Sur le plan des performances, il couvre l’intégralité du volume de surveillance chaque seconde et détecte aussi bien les micro-drones que les aéronefs de combat à plusieurs kilomètres, y compris les cibles dites LSS (lentes, basses et de petite taille). Son mode C-RAM permet de suivre des munitions depuis leur point de lancement jusqu’à leur impact, une fonction précieuse face à l’artillerie et aux roquettes. Entièrement logiciel, le système accepte des mises à jour continues au fil des évolutions de la menace : un argument de poids dans un environnement capacitaire en mutation rapide.

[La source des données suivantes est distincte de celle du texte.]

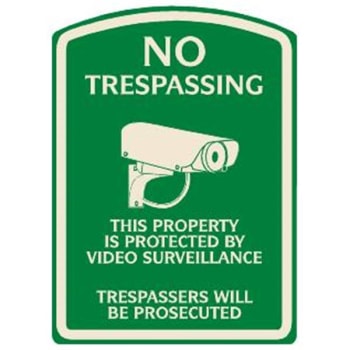 Image for No Trespassing Designer Sign, Ivory On Green, Non-Reflective, 16 X 22 from HD Supply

Un consortium franco-suédois, une fabrication angevine
Pour mener à bien ce programme, Saab et Scania France ont choisi de s’associer au sein d’un consortium commun. À Angers, dans les ateliers de la division SPAD3 de Scania, les équipes produiront les châssis V3P et y installeront le radar, une fabrication française pour un matériel suédois, nuance qui a visiblement pesé dans la balance. En tout, dix-sept radars Giraffe 1X entrent dans la commande : seize rejoindront les véhicules livrés aux forces, tandis que le dernier partira en essais et évaluation. Pièces de rechange, formation des équipages et soutien technique complètent le contrat. Les premières livraisons sont attendues dès cette année, les suivantes au premier semestre 2027.
Reste la question du contexte dans lequel cette commande a été passée. La DGA a mobilisé la force d’acquisition réactive (FAR), ce dispositif créé en 2023 précisément pour s’affranchir des délais habituellement incompressibles des grands programmes d’armement. Son activation n’est pas anodine : elle dit, en filigrane, qu’aucune solution française n’était disponible à court terme sur ce segment. Les seize véhicules VARDA ont donc vocation à jouer un rôle de transition, le temps que les déclinaisons défense sol-air et lutte anti-drones (LAD) du véhicule Serval arrivent à maturité. Le Giraffe 1X trouvera d’ailleurs sa place définitive sur le Serval, assurant ainsi une certaine continuité capacitaire entre les deux générations.
Au fond, cette acquisition illustre un changement de posture discret mais réel au sein de la DGA. Pendant longtemps, acheter étranger relevait presque de l’aveu de faiblesse. Aujourd’hui, aller chercher un équipement éprouvé sur étagère auprès d’un partenaire européen, quand le besoin est urgent et qu’aucune alternative nationale n’existe à court terme, s’impose comme une décision rationnelle.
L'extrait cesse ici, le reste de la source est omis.